Aber dies kann nur ein Teil der Lösung sein – die Menschenhändler werden nämlich andere Routen auftun, solange die Nachfrage groß ist und Menschen glauben, dass sei ihre beste Chance. Wir müssen die Gespräche, die derzeit unter der Federführung der UNSMIL zwischen den politischen Kräften in Libyen geführt werden, unterstützen und die diplomatischen Vertreter der Maghreb-Staaten darin einbinden. Es steht zu hoffen, dass diese Bemühungen der regionalen Mächte und die der UN in Libyen zur Bildung einer Regierung der nationalen Einheit führen werden. Dies ist der Schlüssel für die Stabilisierung des Landes und die EU muss hierbei umfassende Hilfe leisten, nicht zuletzt bei der Reform im Sicherheitsbereich.

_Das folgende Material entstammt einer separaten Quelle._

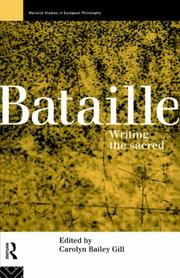 Cover of: Bataille: Writing the Sacred (Warwick Studies in European Philosophy)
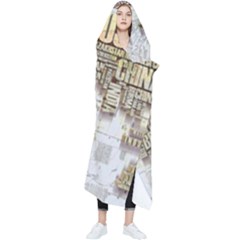 3d Typography World Map Wearable Blanket by uniart180623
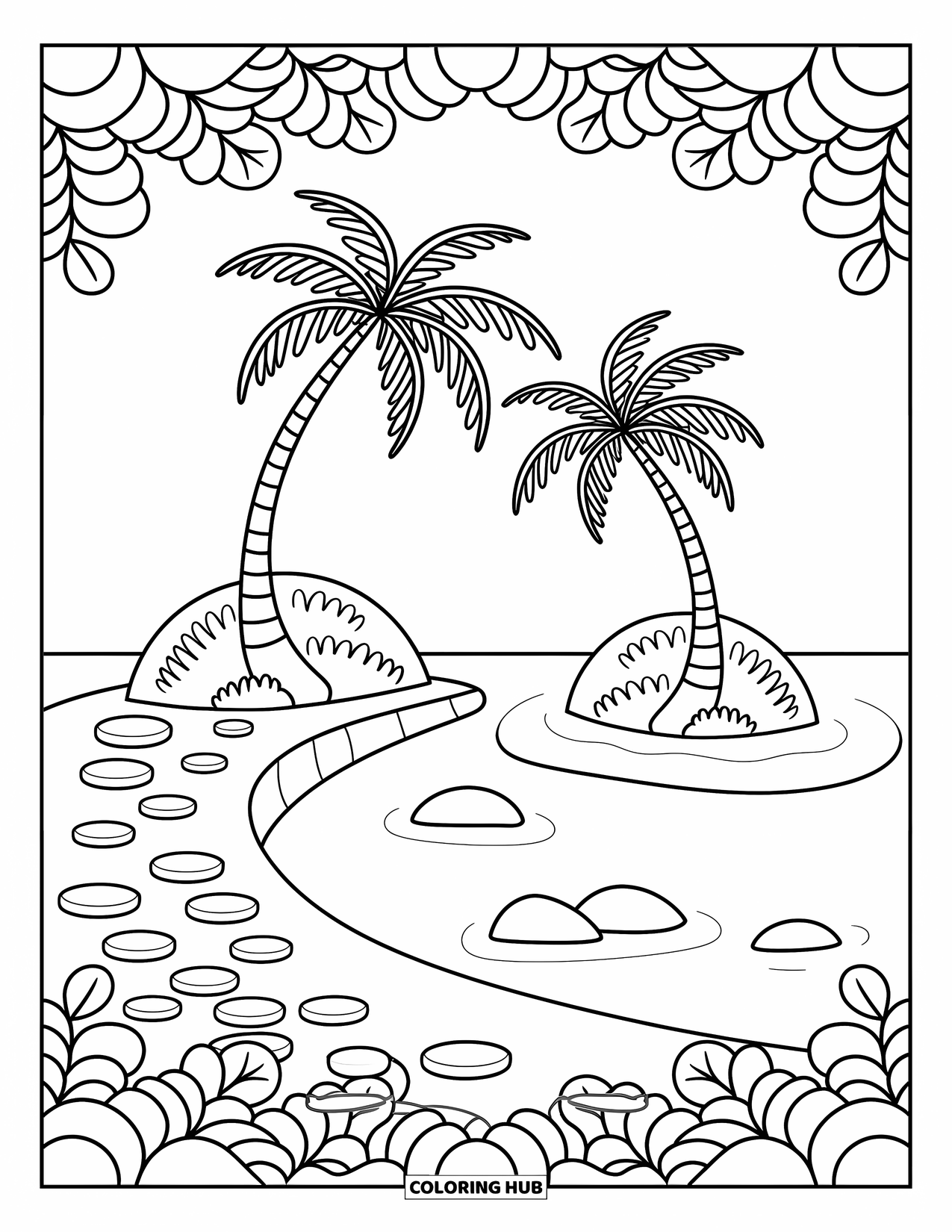 Island Coloring Page for Adults: Round island with two palm trees arched over a stone path cove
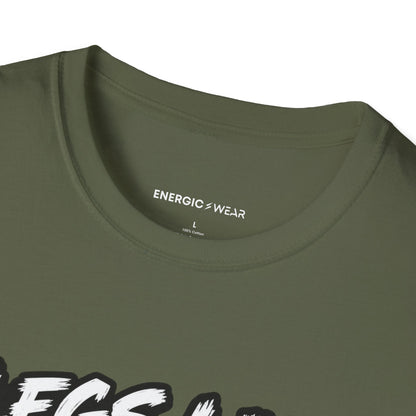 Graphic fitness T-shirt featuring the "Legs Like Jello, Spirit Like Steel" design.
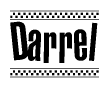 The clipart image displays the text Darrel in a bold, stylized font. It is enclosed in a rectangular border with a checkerboard pattern running below and above the text, similar to a finish line in racing. 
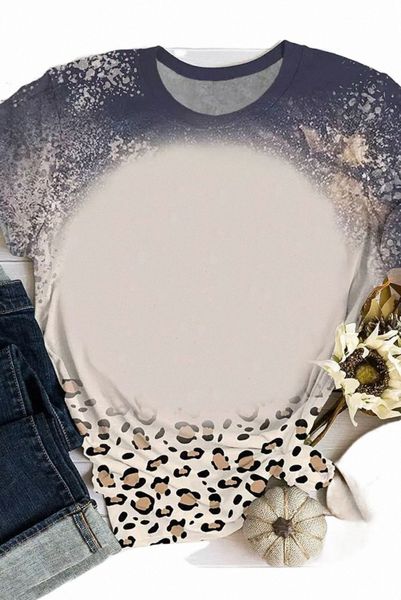blue bleached leopard hem short sleeve tee 2023 new 44wk#, White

Natürlich ist es gut und richtig, die Ursachen für die Flucht aus den Herkunftsländern bekämpfen zu wollen. Man darf allerdings die Aufrichtigkeit dieses Ziels durchaus in Zweifel ziehen, wenn gleichzeitig die internationale Hilfe gekürzt wird, wie im letzten MFR geschehen. Unter den Fraktionschefs sind heute Stimmen laut geworden die grundlegende Erhöhung der Mittel für internationale und humanitäre Zusammenarbeit zur Bedingung für die Zustimmung zum EU Haushalt 2016 zu machen. Abgesehen davon darf die Debatte über diese langfristige Zielsetzung keine Ausflucht dafür sein, den dringenden Bedarf an Soforthilfe zu ignorieren.
Das Europäische Parlament ist der Ansicht, dass die EU Migration, humanitäre Hilfe, Entwicklung und Sicherheit besser miteinander verzahnen muss. Aber auf keinen Fall dürfen wie bisher häufig geschehen die verschiedenen Politikbereiche gegeneinander ausgespielt werden. Die Mittel müssen gezielter eingesetzt und gebündelt werden
Ich versichere Ihnen, dass sich das Europäische Parlament in der laufenden Debatte über Asyl- und Migrationspolitik stets für Solidarität einsetzen wird. Wir werden konstruktiv an Maßnahmen arbeiten, die human und realistisch zugleich sind und auf unseren europäischen Werten gründen. Und wir stehen jetzt, da Sie diesen Europäischen Rat einberufen haben, an Ihrer Seite, wenn Sie heute eine Asyl- und Migrationspolitik auf den Weg bringen, die den Erfordernissen der Zeit auf humane und effektive Weise gerecht wird.
Vielen Dank für Ihre Aufmerksamkeit.